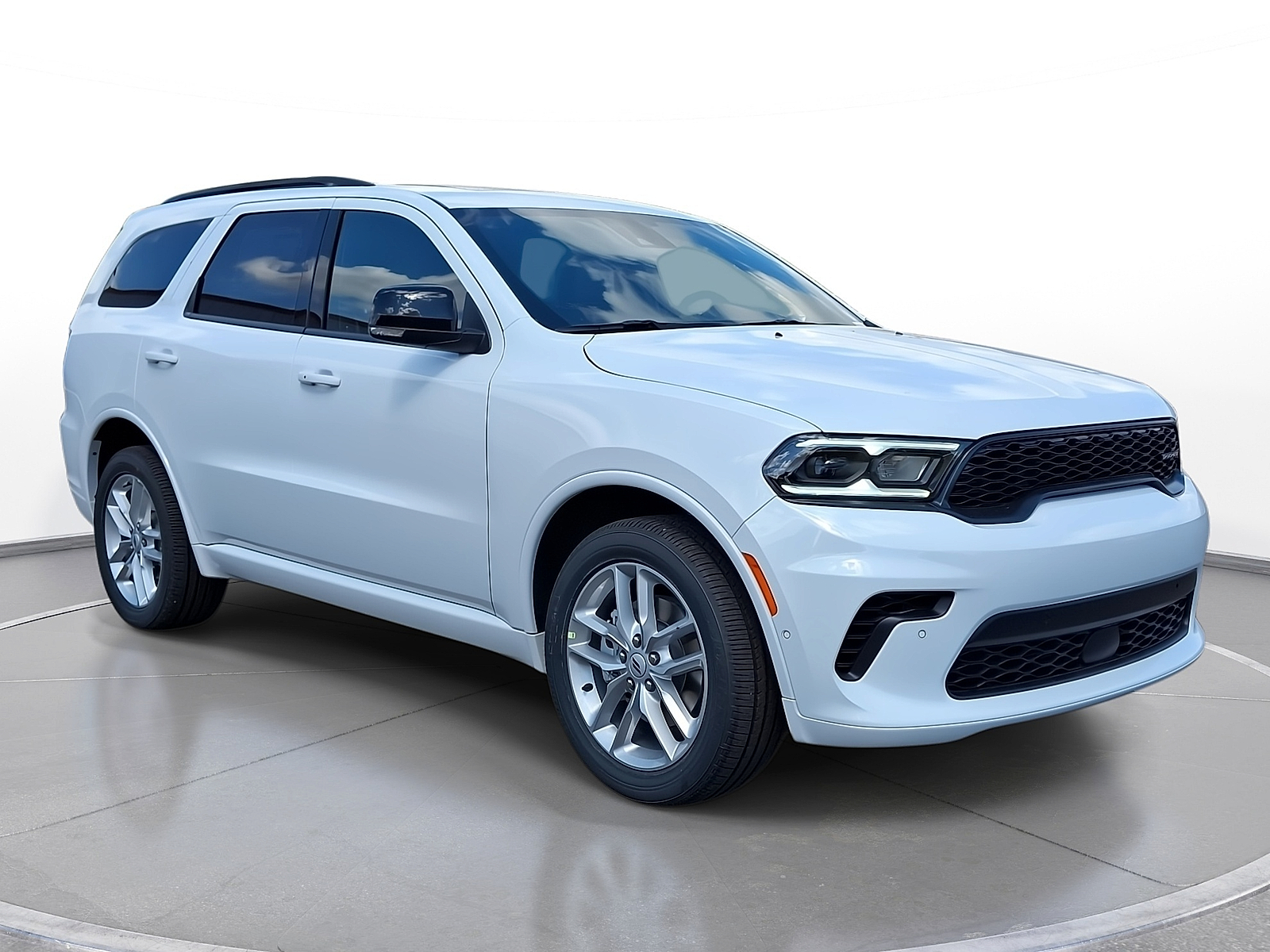 2026 Dodge Durango GT Plus AWD's photo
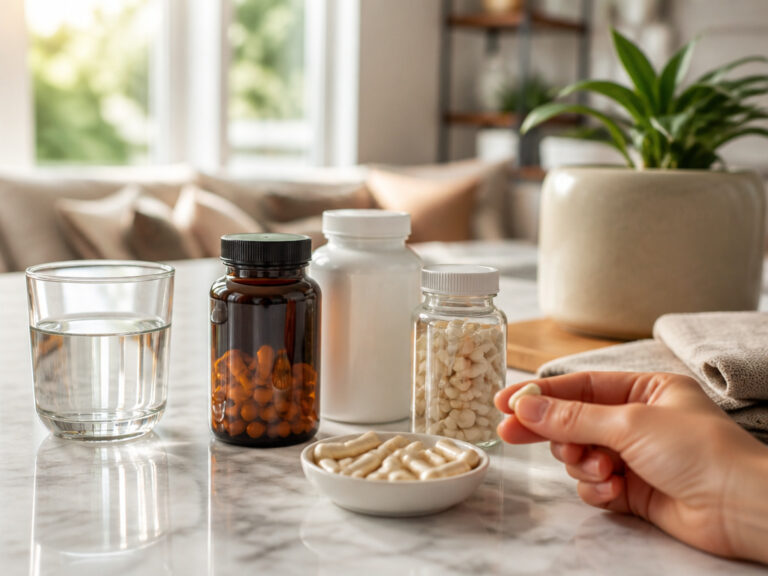 10 Best Alpha Lipoic Acid Supplements in 2026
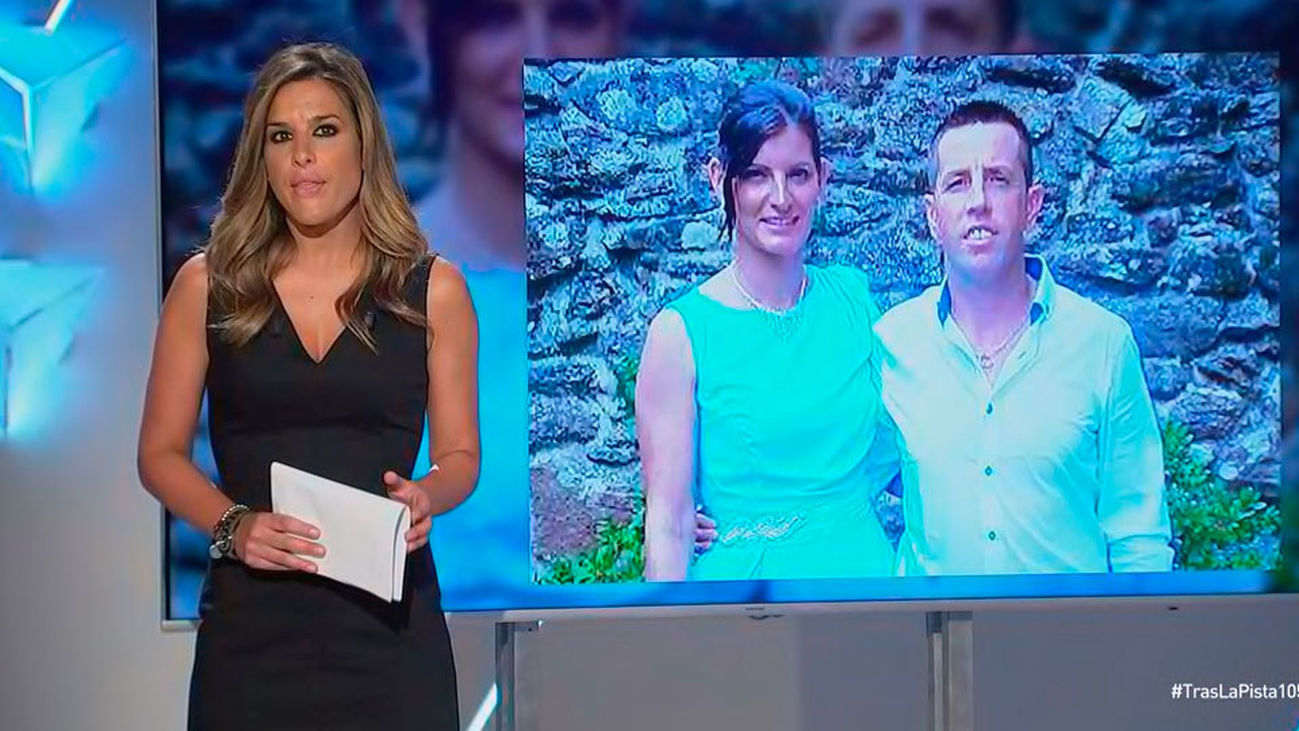 La familia ahora sí arropa a "El Chicle"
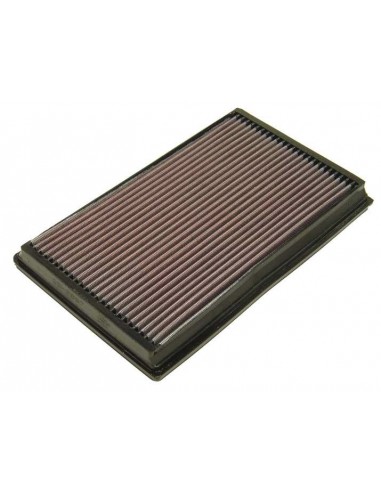 Filtro de aire K&N Volkswagen Transporter T6 2.0d/2.0i 2015-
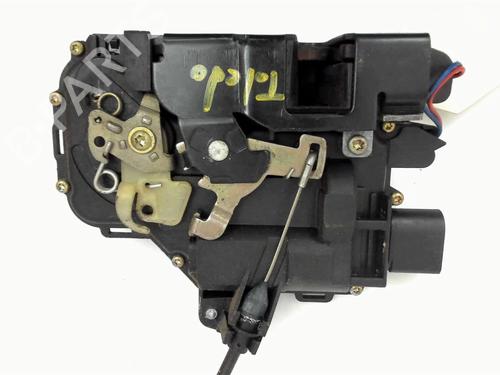Front right lock SEAT TOLEDO II (1M2) 1.9 TDI | BP20424607C97 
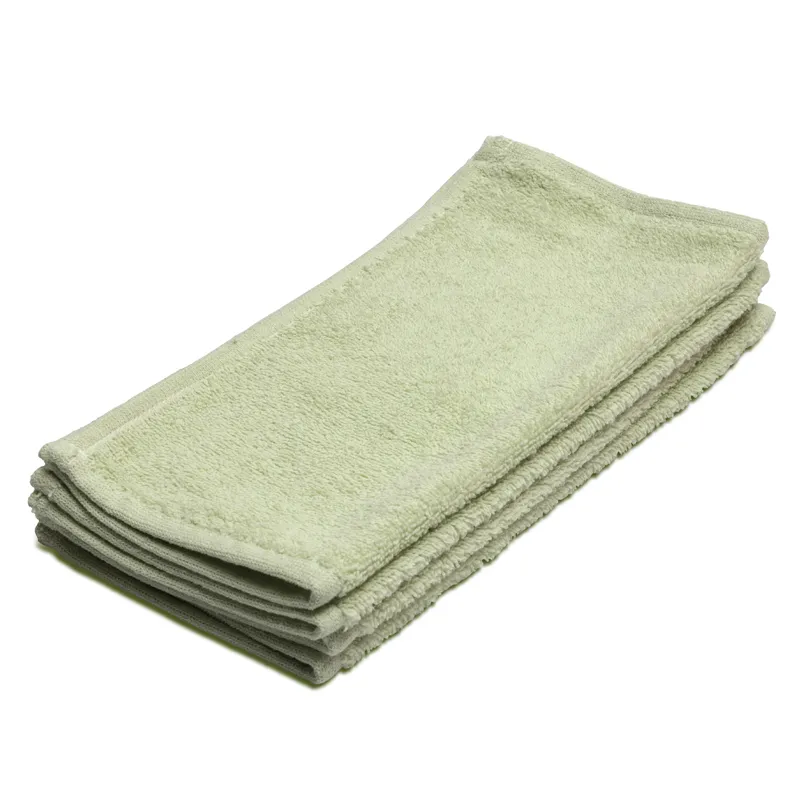 Hand Towel | 420gsm | Luxury Knitted Towel | Single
* * * * * * * * *
**Assignment:**
Where the line containing "Front right lock" appears in the data above, begin there and output every line through the last, exactly and without pictures.

**Solved problem:**
Front right lock SEAT TOLEDO II (1M2) 1.9 TDI | BP20424607C97 
 Hand Towel | 420gsm | Luxury Knitted Towel | Single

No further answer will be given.